I had to fill the gaps in my knowledge. I interviewed key stakeholders on a daily basis to understand what a day in their shoes looks like. I asked about their struggles, their concerns, and their thoughts for the future. I even spoke to people in their position from different companies so that I could build a more holistic understanding of the industry.
This way, I didn’t doubt myself. Of course they knew more than me about a lot of things, but I had my side covered.
It’s easy to feel insecure when you know there are questions you can’t answer and things that you don’t understand. But by identifying these gaps, you’ve already taken the first step. Now all you have to do is work to fill them.
Connect with Others
I’m a people person. That’s partly why I’m so susceptible to feeling like an impostor; I generally assume the best of others. But it’s not always a bad thing.
One of the best ways to avoid feeling like you don’t belong is to develop a sense of belonging. Connect with people in your line of work. Get to know them for who they are. Don’t just see them as a title, see them as a person; they’re not that different to you, you do belong.
Plus, people are generally good.

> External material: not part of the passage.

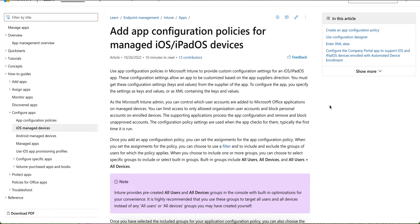As you can see in this article, being an Intune admin, you can control which user accounts should be added to any Microsoft-managed applications on managed devices. You can limit access to only the allowed organizational company user account and block personal accounts on enrolled devices — so users cannot sign in with a personal Gmail or other email account. This is done through the app configurations policy.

There’s a lot you can learn from other people, and in my experience, most people are willing to help. Reaching out to someone for advice isn’t a weakness. It doesn’t make you ‘less than’ or question your competence. It’s a way to fill the gaps in your knowledge and reinforce your confidence.
So reach out, learn from others, and trust that you belong.
I like to adopt Matthew McConaughey’s perspective; that we’re not all that different. Sure, people are great. A lot of people are talented, successful, amazing. But so are you.
Someone will always be better than you at some things. But you are that someone to so many other people. You too are great at a lot of things.
You’ve come a long way already, and you have a long way to go. But don’t wait to consider yourself successful. You’re a success already. There’s so much you’ve achieved.
So let this thought fuel your self-esteem and propel you to greater things.